3) after looking at the manual online for my revolver it said for target load 7g and max at 14g
I loaded 7g but it left to much space and I could hear the "double fire". so affter looking online I saw that one can use cornmeal as a filler, so I did. With 7g of pyrodex fffg and 4g of cornmeal and hornadys balls out at twenty-five yards I could easily hit coke cans( I had them in a row and shot all of them down and didnt miss a one!), and at 50 yards I could consistintley hit a milk jug. I have always heard people say that past 20 yards or so accuracy is a term not to be used with cap and ball revolvers, but today MY FIRST TIME EVER SHOOTING BLACKPOWDER it always hit exaclty where i aimed(albeit the hammer as a rear sight is very crude, but it obviously works). So was I just lucky with my used revolver or are these "People" wrong, or am I just that good?


----------



## redneckcamo (Dec 11, 2009)

sounds like you had a blast man !! 

and yes it needs to be cleaned everytime real good if your using pyrodex because the fouling literally draws humidity in an corrosion will start quickly and cause damage if not properly cleaned as soon as possible ...

uberti makes a good pistol but if you could get you paws on a ruger old army you would have probably the best cap-n-ball ever made IMO.!!


----------



## fishdog (Dec 11, 2009)

1) Take it apart and clean it every time.

2) Uburti makes a good pistol. .44 is legal to hunt with, good luck.

3) That pistol is shooting about as good as you are going to get with the sites you have. I have had bad luck with pyrodex gumming up in my revolver, Goex fffg works better for me.

You did not mention using lube on top of the balls to prevent chain firing. You may want to do this if you are not doing it already.


----------



## olchevy (Dec 11, 2009)

fishdog said:


> 1) Take it apart and clean it every time.
> 
> 2) Uburti makes a good pistol. .44 is legal to hunt with, good luck.
> 
> ...



yep good ol butter flavored crisco...lol

on a side note I have also been looking into the .50 cal single shot flintlock pistol for hunting too, I would think the .50 would be better for deer?Right?


----------



## tv_racin_fan (Dec 12, 2009)

I don't generally take mine down to the bare frame for cleaning but it aint a bad idea for sure.
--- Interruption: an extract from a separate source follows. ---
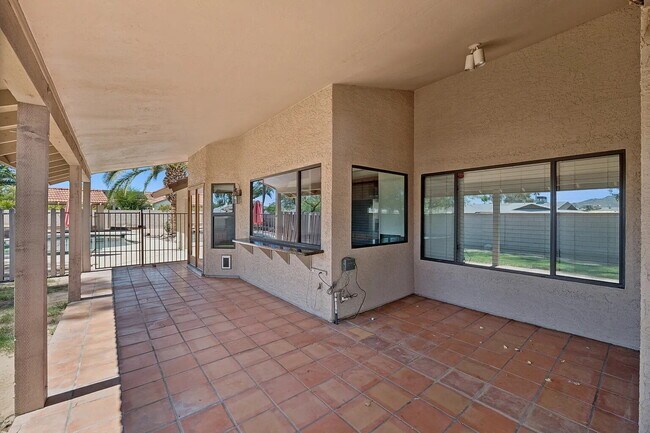 Building Photo - SPARKLING PRIVATE POOL, BEAUTIFUL HOME, UNBEATABLE LOCATION!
I love it when some guys I know cringe when I tell em I cleaned my revolver in the kitchen sink. They haven't the clue about black powder... So long as you dry it and lube it right away you are good to go. If ya ever let it go overnight just once you'll know why you never do that again.

The issue with hunting with a BP handgun is the same, you almost can not burn enough powder in the barrel to get the velocity/energy you need. The Uberti WALKER revolver can handle 60 grain loads but only the WALKERS can do so. AND I doubt that all that powder is burning in the barrel...
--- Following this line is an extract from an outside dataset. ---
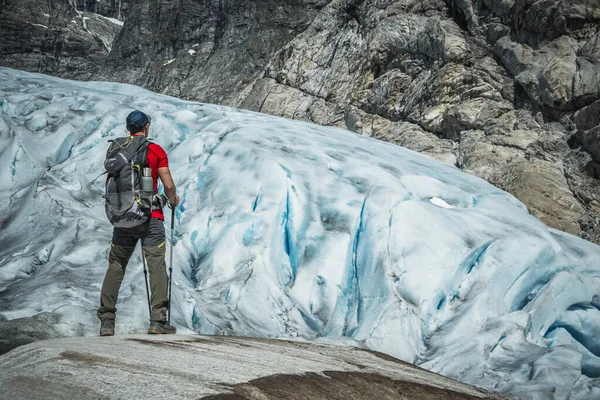 40代の白人ハイカーは暑い夏の晴れた日に風光明媚なノルウェーの氷河の頭の前に滞在 — ストック写真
If you seriously want to hunt with a BP handgun/pistol then you need look at something like the Pedersoli Bounty. That said I intend to use one of my revolvers to kill a deer but it's gonna have to be close, 20 yards or less.
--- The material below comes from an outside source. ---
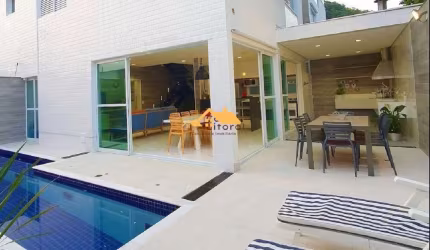Casa em condomínio: 4 quartos, 4 suítes, 2 salas, 4 banheiros, 2 vagas. 200m² em Juquehy, São Sebastião-SP. Venha conhecer!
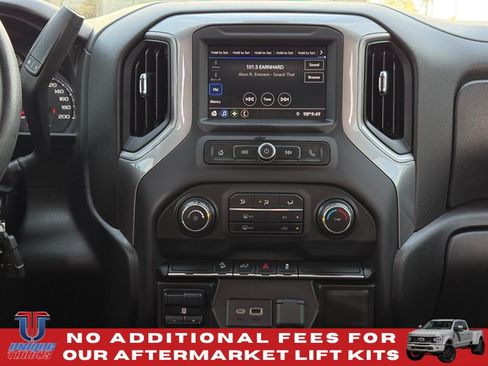 Used 2021 Chevrolet Silverado 1500 Custom Trail Boss w/ Midnight Edition AWD/4WD image 34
The manual might tell you 14g as max but you sure wont be killing a deer with that. 

The Ruger Old Army manual tells me I can use as much powder of whatever granulation I like as I can fit in the chamber and still fit a projectile.


----------



## acmech (Dec 12, 2009)

I've read that with Rugers, you can use Triple 7 powder to get better velocities, but its not recommended for any of the other cap and ball pistols, not even Uberti's.  Never heard of any New army model holding 60 grs of powder, but you never know.  There is a gunsmith I saw online who does custom work on rugers where he will bore a Ruger cylinder deeper to take up to 50 gr. of powder, but not 60.   I just don't see the uberti being able to hold that much, its cylinder is not as long as a walkers.   The same guy also does conversions on Rugers, rebarreling them and putting in a 5 shot 50 cal cylinder.  I love my BP pistols, I think you'll find out you will have better luck using no. 10 percussion caps than you will no. 11.

Look at my post here about making your own cap and ball wads, it'll save you a ton of money, I bought some of this wool and punched out about 500 wads for my .44's.  http://forum.gon.com/showthread.php?t=438920
After punching out the wads, (I made my punches on my lathe but you can buy them from harbor freight or dixie gun works) I soaked them in my homemade black powder bullet lube.  The bullet lube I used for the wads is 1/2 lb mutton tallow (dixie gun works)  1/2 lb parafin, and 1/4 lb bees wax.  Carefull where you melt it together, the bees wax still to high heaven as soon as it gets warm.  Making your own wads will save a lot of money at $7 per hundred.  I bought the wool for $30 and have barely used any of it making 5-6 hundred wads.


----------



## hawgrider1200 (Dec 12, 2009)

I have a Colt open top replica, manufacturer unknown. There is no way it's gonna hold more than 30 grains of BP. I have heard the Walker replicas can hold 60 grains of fffg. I agree with tvracingfan, I do not think the 60 grains will burn in the barrel. 60 grains of bp is a minimum load for 50 cal rifle. I have two Ruger Old Army revolvers I can load up about 40 grains in the cylinders and still get  a round ball seated. I saw some ballistic charts for bp loads on line. according to what I remember, 30 grains of bp will push a 220 grain projectile about 900 fps. up close 40 grains in my ROA oughta get the job done on a deer.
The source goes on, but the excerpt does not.